PROBLEM REQUIREMENTS:
Given the records below, transcribe each of them exactly.
______________________________
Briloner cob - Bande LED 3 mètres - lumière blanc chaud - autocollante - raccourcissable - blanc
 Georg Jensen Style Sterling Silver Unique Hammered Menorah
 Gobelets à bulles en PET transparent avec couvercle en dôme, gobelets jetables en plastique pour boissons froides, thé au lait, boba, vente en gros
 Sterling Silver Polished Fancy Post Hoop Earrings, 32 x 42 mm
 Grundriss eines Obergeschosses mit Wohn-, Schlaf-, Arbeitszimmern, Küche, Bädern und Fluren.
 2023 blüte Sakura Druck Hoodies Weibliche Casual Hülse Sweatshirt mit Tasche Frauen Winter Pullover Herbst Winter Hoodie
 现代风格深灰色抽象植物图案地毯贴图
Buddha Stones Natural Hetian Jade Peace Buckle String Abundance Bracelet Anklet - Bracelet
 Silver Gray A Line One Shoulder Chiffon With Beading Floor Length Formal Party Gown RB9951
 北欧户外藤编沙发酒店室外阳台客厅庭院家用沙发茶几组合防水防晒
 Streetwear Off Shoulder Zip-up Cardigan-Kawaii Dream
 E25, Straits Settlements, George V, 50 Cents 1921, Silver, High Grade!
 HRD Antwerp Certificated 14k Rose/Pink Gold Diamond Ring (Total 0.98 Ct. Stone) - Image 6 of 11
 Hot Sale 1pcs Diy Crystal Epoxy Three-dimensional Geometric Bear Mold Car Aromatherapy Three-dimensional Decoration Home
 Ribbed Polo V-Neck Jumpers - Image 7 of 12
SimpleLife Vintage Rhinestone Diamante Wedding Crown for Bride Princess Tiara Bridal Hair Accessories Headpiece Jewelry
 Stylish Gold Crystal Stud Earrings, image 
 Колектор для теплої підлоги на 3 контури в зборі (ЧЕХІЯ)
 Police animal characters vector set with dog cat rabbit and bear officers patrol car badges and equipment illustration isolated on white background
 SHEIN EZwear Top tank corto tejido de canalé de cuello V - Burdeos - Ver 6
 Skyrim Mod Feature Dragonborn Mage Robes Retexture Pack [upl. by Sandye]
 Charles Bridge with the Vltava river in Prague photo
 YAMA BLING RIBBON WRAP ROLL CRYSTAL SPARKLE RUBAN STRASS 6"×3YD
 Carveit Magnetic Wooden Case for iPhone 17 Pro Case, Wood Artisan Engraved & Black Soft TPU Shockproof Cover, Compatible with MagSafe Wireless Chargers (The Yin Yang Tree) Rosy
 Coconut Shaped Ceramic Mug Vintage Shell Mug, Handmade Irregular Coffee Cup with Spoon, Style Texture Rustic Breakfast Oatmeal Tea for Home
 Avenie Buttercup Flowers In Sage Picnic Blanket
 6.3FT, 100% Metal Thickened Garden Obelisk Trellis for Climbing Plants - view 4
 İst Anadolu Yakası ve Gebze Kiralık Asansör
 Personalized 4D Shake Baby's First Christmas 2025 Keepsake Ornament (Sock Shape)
______________________________
RESPONSE:
Briloner cob - Bande LED 3 mètres - lumière blanc chaud - autocollante - raccourcissable - blanc
 Georg Jensen Style Sterling Silver Unique Hammered Menorah
 Gobelets à bulles en PET transparent avec couvercle en dôme, gobelets jetables en plastique pour boissons froides, thé au lait, boba, vente en gros
 Sterling Silver Polished Fancy Post Hoop Earrings, 32 x 42 mm
 Grundriss eines Obergeschosses mit Wohn-, Schlaf-, Arbeitszimmern, Küche, Bädern und Fluren.
 2023 blüte Sakura Druck Hoodies Weibliche Casual Hülse Sweatshirt mit Tasche Frauen Winter Pullover Herbst Winter Hoodie
 现代风格深灰色抽象植物图案地毯贴图
Buddha Stones Natural Hetian Jade Peace Buckle String Abundance Bracelet Anklet - Bracelet
 Silver Gray A Line One Shoulder Chiffon With Beading Floor Length Formal Party Gown RB9951
 北欧户外藤编沙发酒店室外阳台客厅庭院家用沙发茶几组合防水防晒
 Streetwear Off Shoulder Zip-up Cardigan-Kawaii Dream
 E25, Straits Settlements, George V, 50 Cents 1921, Silver, High Grade!
 HRD Antwerp Certificated 14k Rose/Pink Gold Diamond Ring (Total 0.98 Ct. Stone) - Image 6 of 11
 Hot Sale 1pcs Diy Crystal Epoxy Three-dimensional Geometric Bear Mold Car Aromatherapy Three-dimensional Decoration Home
 Ribbed Polo V-Neck Jumpers - Image 7 of 12
SimpleLife Vintage Rhinestone Diamante Wedding Crown for Bride Princess Tiara Bridal Hair Accessories Headpiece Jewelry
 Stylish Gold Crystal Stud Earrings, image 
 Колектор для теплої підлоги на 3 контури в зборі (ЧЕХІЯ)
 Police animal characters vector set with dog cat rabbit and bear officers patrol car badges and equipment illustration isolated on white background
 SHEIN EZwear Top tank corto tejido de canalé de cuello V - Burdeos - Ver 6
 Skyrim Mod Feature Dragonborn Mage Robes Retexture Pack [upl. by Sandye]
 Charles Bridge with the Vltava river in Prague photo
 YAMA BLING RIBBON WRAP ROLL CRYSTAL SPARKLE RUBAN STRASS 6"×3YD
 Carveit Magnetic Wooden Case for iPhone 17 Pro Case, Wood Artisan Engraved & Black Soft TPU Shockproof Cover, Compatible with MagSafe Wireless Chargers (The Yin Yang Tree) Rosy
 Coconut Shaped Ceramic Mug Vintage Shell Mug, Handmade Irregular Coffee Cup with Spoon, Style Texture Rustic Breakfast Oatmeal Tea for Home
 Avenie Buttercup Flowers In Sage Picnic Blanket
 6.3FT, 100% Metal Thickened Garden Obelisk Trellis for Climbing Plants - view 4
 İst Anadolu Yakası ve Gebze Kiralık Asansör
 Personalized 4D Shake Baby's First Christmas 2025 Keepsake Ornament (Sock Shape)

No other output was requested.